لَلَّهُ أَشَدُّ فَرَحًا بِتَوْبَةِ عَبْدِهِ حِينَ يَتُوبُ إِلَيْهِ مِنْ أَحَدِكُمْ كَانَ عَلَى رَاحِلَتِهِ بِأَرْضِ فَلَاةٍ فَانْفَلَتَتْ مِنْهُ
« Allah se réjouit davantage du repentir de Son serviteur, quand il revient à Lui, que l’un de vous qui aurait perdu dans le désert sa monture portant ses vivres, l’aurait cherchée jusqu’au désespoir, puis la retrouverait soudain devant lui. »
Rapporté par Muslim (n° 2747) d’après Anas ibn Malik
Ibn al-Qayyim commente longuement ce hadith : le pécheur qui revient n’est pas un coupable toléré — c’est un perdu que l’on retrouve. Et il ose écrire qu’un péché suivi de brisure et de retour peut être plus utile à l’âme qu’une obéissance suivie d’orgueil et de satisfaction de soi.

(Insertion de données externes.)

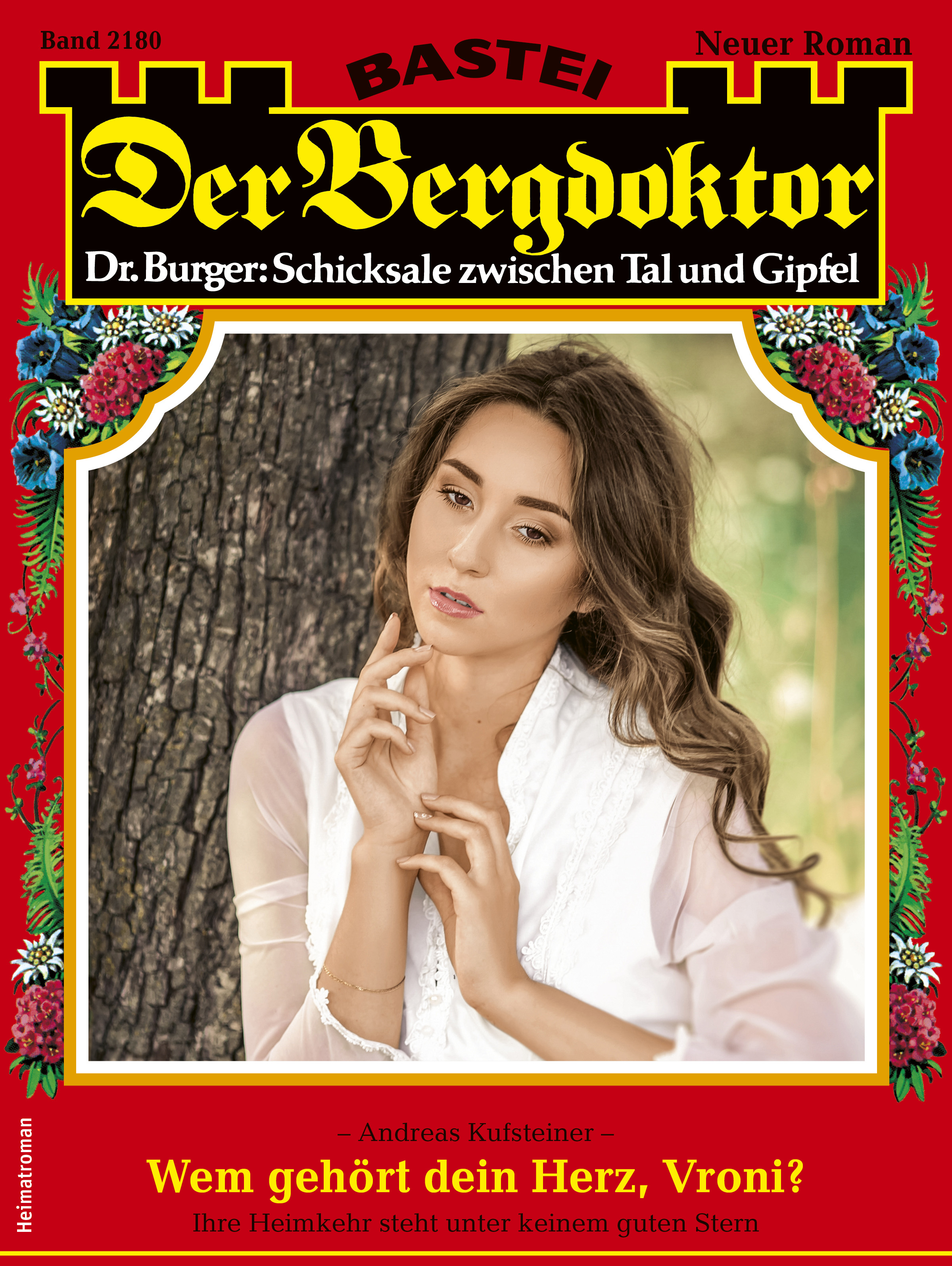 Der Bergdoktor 2180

Un exemple concret : réparer une médisance
Une personne colporte une parole sur un collègue. Son repentir ne consiste pas seulement à dire « astaghfirullah ». Elle doit regretter la médisance ; cesser de la répéter ; s’éloigner des assemblées où elle se pratique ; protéger désormais l’honneur de ce collègue en son absence ; et réparer le tort selon ce qui est bénéfique — sans créer une nuisance nouvelle en allant tout raconter si cela devait blesser davantage. Le repentir doit produire un changement visible : c’est à cela qu’on le reconnaît.
En pratique — la prière du repentir
Lorsque tu commets une faute, ne laisse pas le découragement s’installer. Le Prophète ﷺ a enseigné : « Il n’est pas un serviteur qui commet un péché, puis se purifie parfaitement, se lève et prie deux unités de prière, puis demande pardon à Allah, sans qu’Allah ne lui pardonne » (Abu Dawud, n° 1521 ; jugé authentique). Ablutions, deux raka’at, demande de pardon : le protocole prophétique de la chute est plus rapide que la chute elle-même. Le diable veut transformer la faute en désespoir ; la Sunnah la transforme en retour.